I took my car in to be serviced a few days ago. A normal 33,000 mile checkup, which I’d postponed for about 1500 miles. Not a good thing. So, I was already nervous when a fellow came out and started talking to me about “trans-axle fluid change” and “radiator back flush”. Now, I don’t know much about cars. Sure, I have some of the basic principles down–I understand in theory how internal combustion works, for example. But I really don’t know anything about the nuts and bolts of making a car work–I’ve never understood how the two front wheels in a turning car stay synchronized, even though the outer wheel goes a greater distance (or how they handle being out of synch). This is the case even though I’ve had it explained to me multiple times.
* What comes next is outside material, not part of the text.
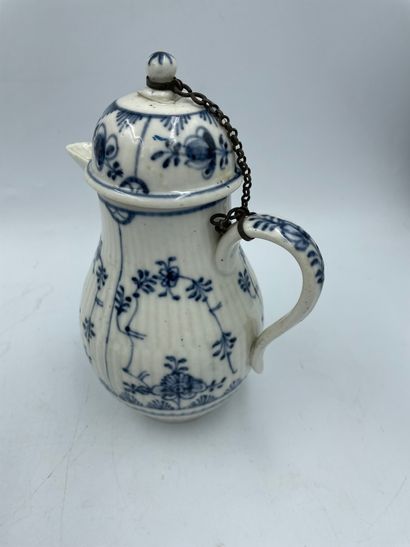 VERSEUSE en porcelaine Porcelain SUCTION JUG with floral decoration in blue camaieu,...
Cars are complicated pieces of engineering that have taken decades of engineering to get where they are, and auto mechanics is a specialized discipline that takes years to learn.
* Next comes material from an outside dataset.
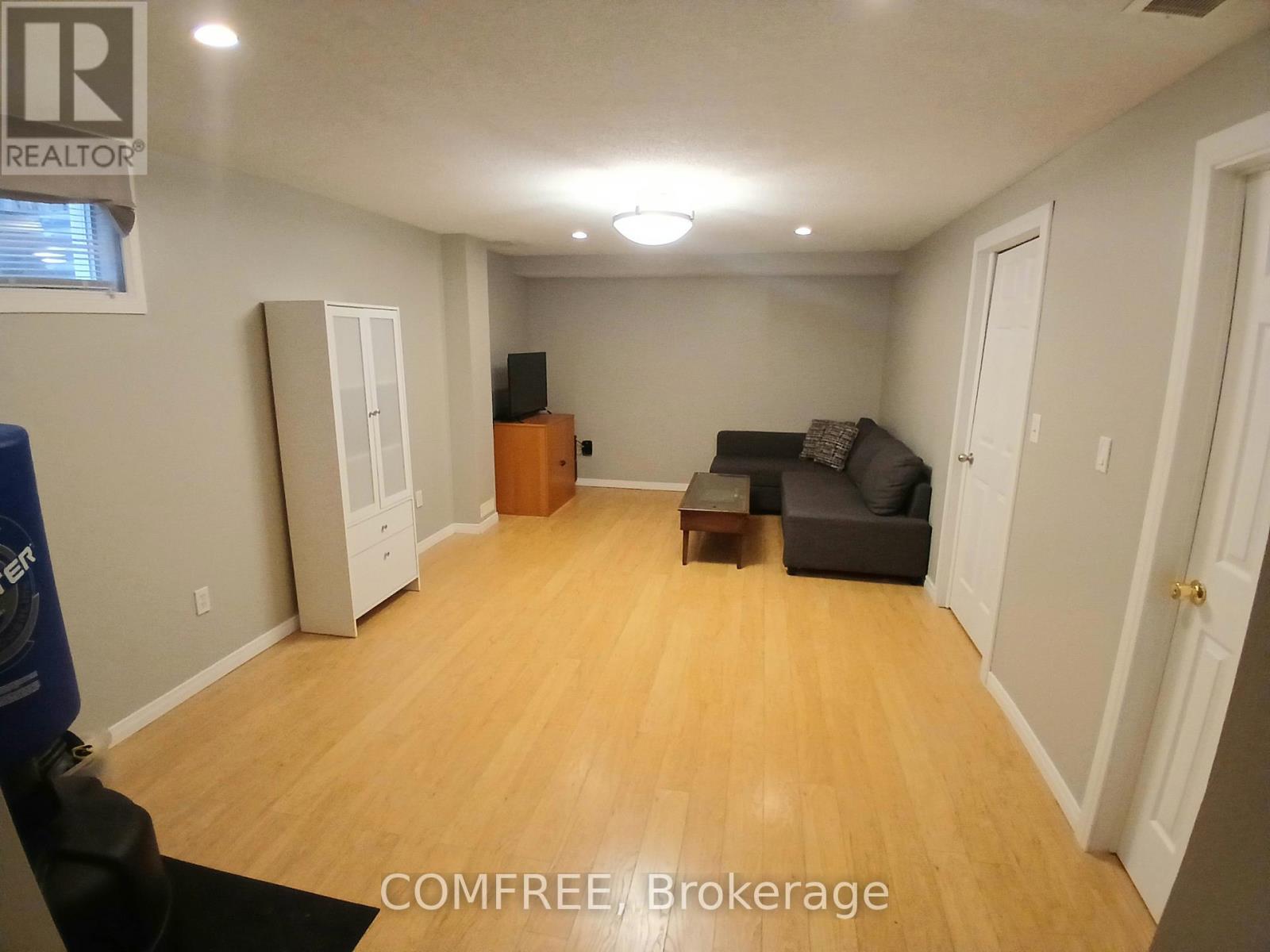 1192 South Wenige Drive, London North, Ontario  N5X 4M3 - Photo 18 - X12097938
But here’s the point. I don’t want to know. I don’t want to understand even the slightest bit of how a car converts old dinosaur bones into energy–I just want to harness that energy to go to the grocery store.
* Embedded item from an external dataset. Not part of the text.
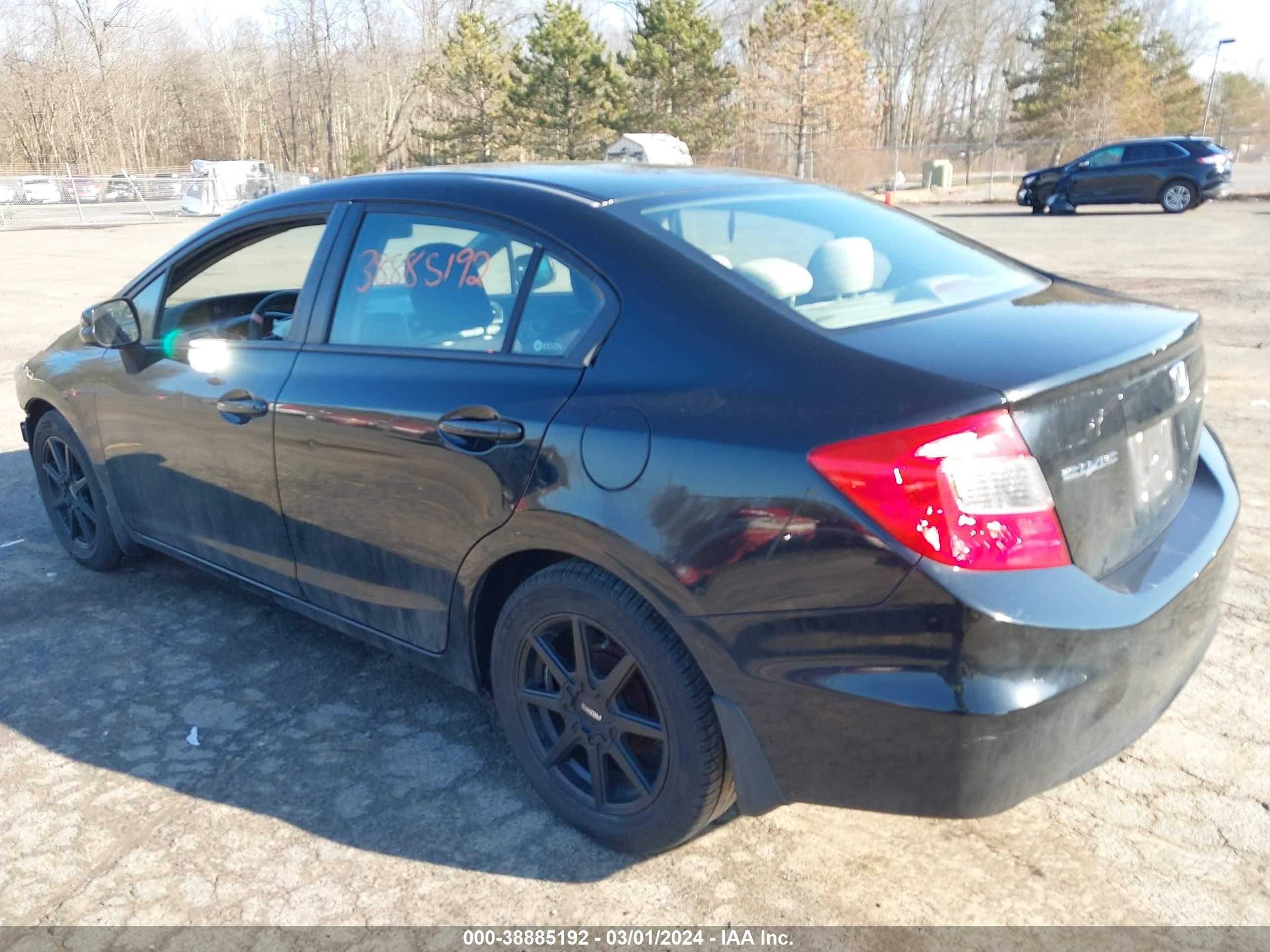 Photo 2 VIN: 19XFB2F52CE095983 - HONDA CIVIC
This has cost me a fair bit of money, as you can imagine, and wrecked at least one car from the inside out. I’ve learned to my cost, that you have to get the car checked out periodically, even if it makes me feel like a blithering idiot. “Sure, take care of that trans-axle fluidish stuff. You betcha.” And even if I take a car to the best shop in the world, I should still be verifying that everything is done according to the manual. Which requires me to read the manual. Which means that I have to learn something about a car. Dang it!

Now, consider computers:

Computers are complicated pieces of engineering that have taken decades of engineering to get where they are, and computer programming is a specialized discipline that takes years to learn. Learning how to interface with a computer takes time. They have their own jargon, just like automobiles. Most people (in the first world) need to use them every day.

Now I have a both a bit less and a bit more sympathy for the computer illiterate. More, because, hey, they don’t want to learn about computers–they just want to use them. I can dig that! Less, because if I can’t get
away with just driving my car, if I have to learn something about it, then they need to buck up and do the same. If they don’t, they’ll be in the same position I was at the service station–helpless before professionals.